The one point that everyone is missing when it comes to the Murray Darling Basin Plan, it all came about during a once in a 100-year drought. It all started in 2000 and in 2007, the Howard government came up with the plan, water for the environment and it would come from the dams. In October, 2010, one weekend we had three-and-a-half inches of rain and the frogs came out in their thousands, birds, fish and spiders, and since then we have had floods and more rain, which has looked after the environment.

Australia is know as a country of drought, floods and bushfires.

Today our dams are not being used for what they were meant for to store water for inland communities, irrigation to produce food and to drought proof our area. Instead, the dams are been used for storage of water for the environmental flow. That is required by Government’s Murrumbidgee Water Sharing Plan.

The man who dreamed of irrigation was Hugh McKinney. He pleaded for 30 years with the NSW government of the day, and in years of drought the rivers would nearly dry up, and the water holes would disappear and settlers would quit, and for some to survive they would have to dig a deep well.

The Royal Commission in 1884 was searching for a way and the best method of conserving rainfall and how to develop underground reservoirs.

The people of Sydney were not interested in conservation.
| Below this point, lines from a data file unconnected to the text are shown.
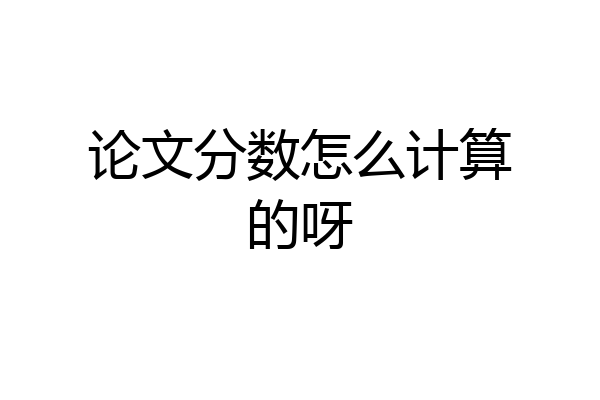 论文分数怎么计算的呀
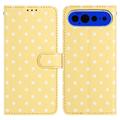 Google Pixel 11 Pro XL Pung Etui med Prikket Mønster - Gul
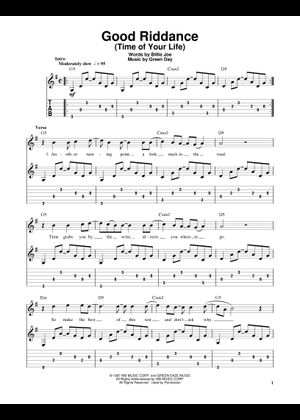 Play Official version of Good Riddance (Time of Your Life) Sheet Music ...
They enjoyed an abundance of rainfall on the coast. 

In September, 1905, L.A.B Wade produced a blueprint for a proposed Northern Murrumbidgee Irrigation Scheme and Barren Jack Reservoir. Wade said the MIA would be watered by gravitation from the Murrumbidgee River commencing at Narrandera.

With water, we will all be able to grow, and the next drought, god help us if we still have the MBDA, the buyback of water to store more water in the dams for the environment.